▸ REQUIRED ACTION
The full listing is to be transcribed exactly, with each picture left out.

▸ DATASET CONTENT
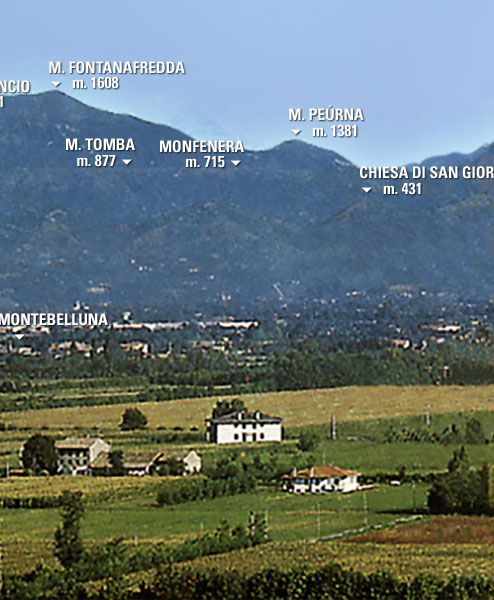 Panorama montagne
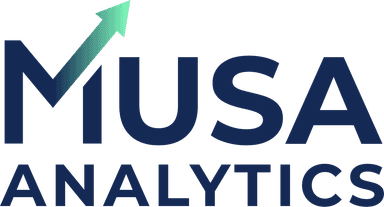 Muss Analytics Logo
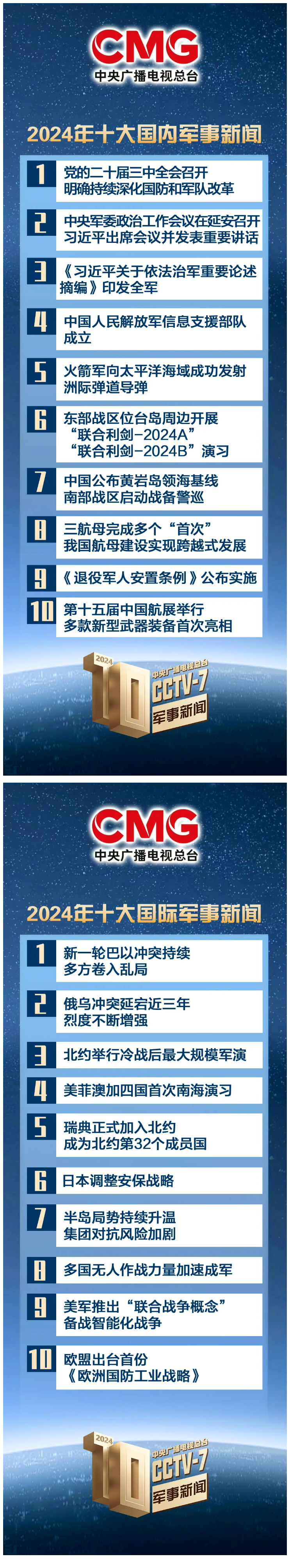 國際軍情最新動態(tài)，全球安全格局的演變與影響，全球安全格局演變及最新國際軍情動態(tài)影響分析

▸ ANSWER TO THIS PROBLEM
 Panorama montagne
 Muss Analytics Logo
 國際軍情最新動態(tài)，全球安全格局的演變與影響，全球安全格局演變及最新國際軍情動態(tài)影響分析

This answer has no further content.